Human rights Lawyer, Femi Falana chided the NBA for shielding corrupt judges and lawyers, which he claimed, the association has abundant information “to the embarrassment of incorruptible members of the bar and the bench.”
Padded to it, the Judiciary in Nigeria advertises itself as a house that stinks odiously because some of its members have redefined the meaning of the temple of justice based on fraudulent discretions. Like former President of the Appeal Court, Justice Ayo Salami stated in the wake of the DSS invasion of the homes of the Judges, Nigerians hate the truth and avoid it like a plague.
Just yesterday, the National Judicial Council (NJC) under the chairmanship of the CJN had cause to recommend the suspension, dismissal or sack of some very senior judicial officers. The NJC’s action was necessitated based on proven misconducts, after a thorough probe of the judges.

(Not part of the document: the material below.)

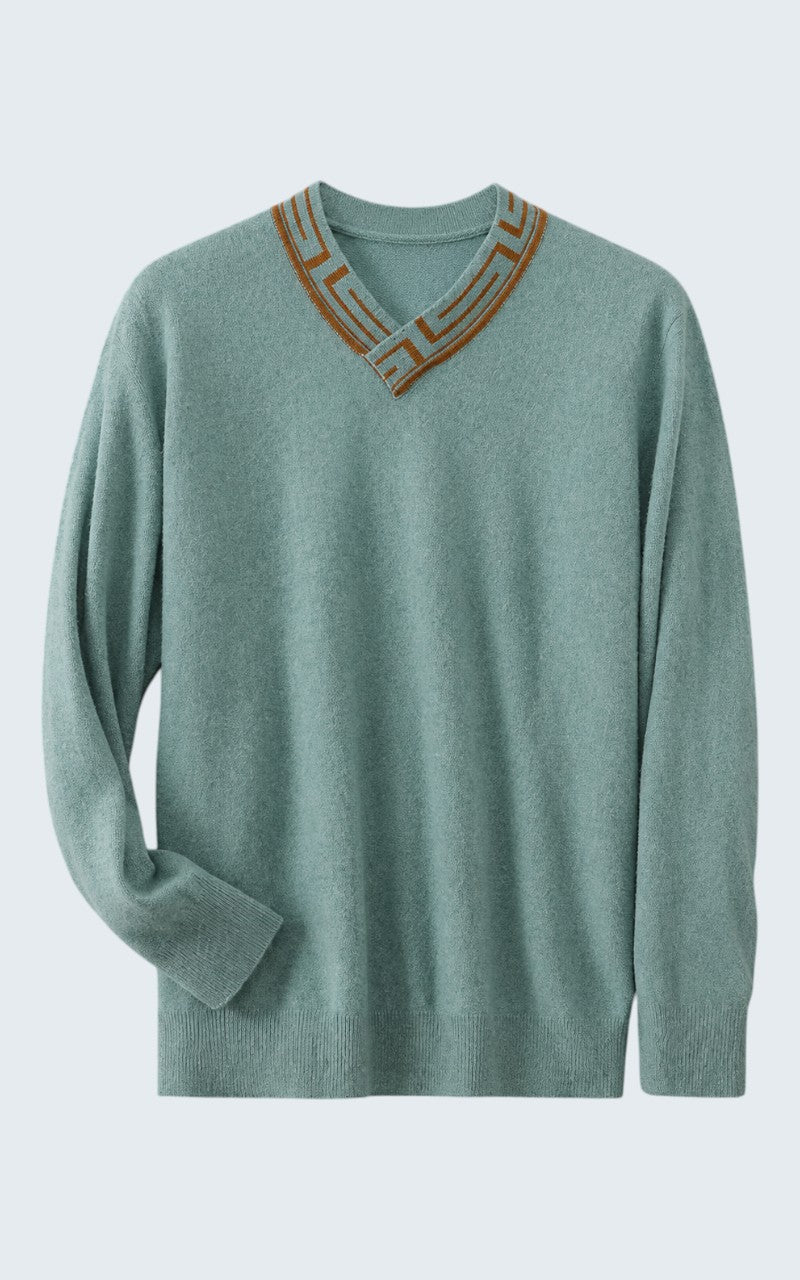 Premium Cashmere V-Neck Sweater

Members of Bench as high as a Presiding Justice of the Court of Appeal, Ilorin Division, Justice Mohammed Ladan Tsamiya and another on whose shoulders the entire temple of justice in a whole state rests, the Chief Judge of Enugu State, the (in)Justice I. A. Umezulike and Justice Kabiru M. Auta of the High Court of Justice, Kano State were among those affected.
While expressly admitting that not all members of the Bar and the Bench are corrupt, it is also plausible to argue that the Nigerian judiciary has sufficient stock and share of its bad eggs, like any other profession in Nigeria.

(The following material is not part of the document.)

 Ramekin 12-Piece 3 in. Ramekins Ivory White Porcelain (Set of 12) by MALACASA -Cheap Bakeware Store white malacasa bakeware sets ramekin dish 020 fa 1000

Nigerians, especially politicians who contest elections and have to further drag it to the Elections Petitions Tribunal can testify to the horror and cruelty of the Nigerian judiciary. At the end of every general elections and the ensuing season of litigations, the NJC receives petitions bordering on the misconduct of members of the Bar and the Bench.

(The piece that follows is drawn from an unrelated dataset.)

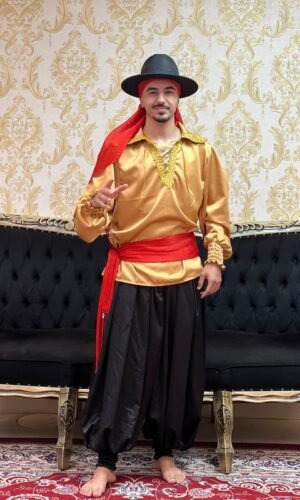 Camisa Crepe Dourada 350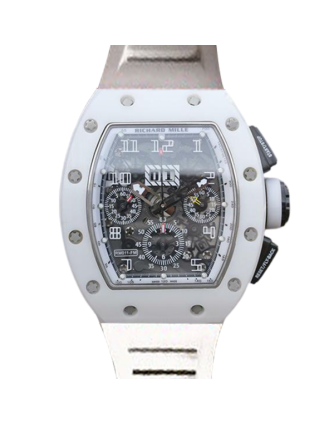 Richard Mille RM011 Automatic Men Rubber Band Ceramics Bezel Watch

Some get sacked, quite okay! But to conclude that all judges who soil their fingers in filthy lucre, while presiding over election petitions get caught is untrue. Some still escape with their illicit funds and pervasive judgments.
Recently, two courts with coordinate jurisdiction- a Federal High Court in Port Harcourt and another in Abuja gave very conflicting verdicts in the stalled PDP national convention. That’s where the Nigerian judiciary hangs its pride. There were two conflicting verdicts; on the same matter and by courts of equal adjudicatory powers. The same spirit created two governors for Abia state simultaneously months back.
President Buhari has lodged war against corruption from his first day into office and the EFCC under Acting Chairman Ibrahim Magu has arraigned scores of alleged looters of the states and Nigeria. But the first courts of adjudications have been unable to convict, discharge or acquit any suspect nearly two years after.
President Buhari has publicly lamented this ordeal a number of times as frustrating his anti-graft war. But some Nigerians prefer to blame him, instead of the judiciary for failing to secure the conviction of alleged looters.
Those crying foul and calling President Buhari a fascist and a dictator like the opposition PDP, which has a blurred vision of the concept of separation of powers should note that the sting operation by the DSS on the suspected judges in not peculiar to Nigeria.
Far more advanced democracies like the USA also subject corrupt judicial officers or those suspected to have abused ethical codes to such surveillance and arrests. It happened in 2010 to a Senior U.S. District Judge, Jack T. Camp whom the FBI arrested and charged to court for drugs and firearms offences.
The Justice system of the neighbouring Ghana was such a cesspit of filth. But Ghanaians supported the sanitization of the system under Ghana’s Chief Justice, Georgina Theodora Wood, as over 20 judges were flushed out.
It is time Nigerians demonstrate that the conscience of a nation is in her people. The bandwagon effect which significantly blurs the sense of dispassionate judgment is injurious to national progress.
So, like preceding incidents have shown, it is not unlikely that in the temple of justice too, there are bound to be deviants. Let the law prevail and let the judges prove their innocence in court.
Okanga writes from Agila, Benue State.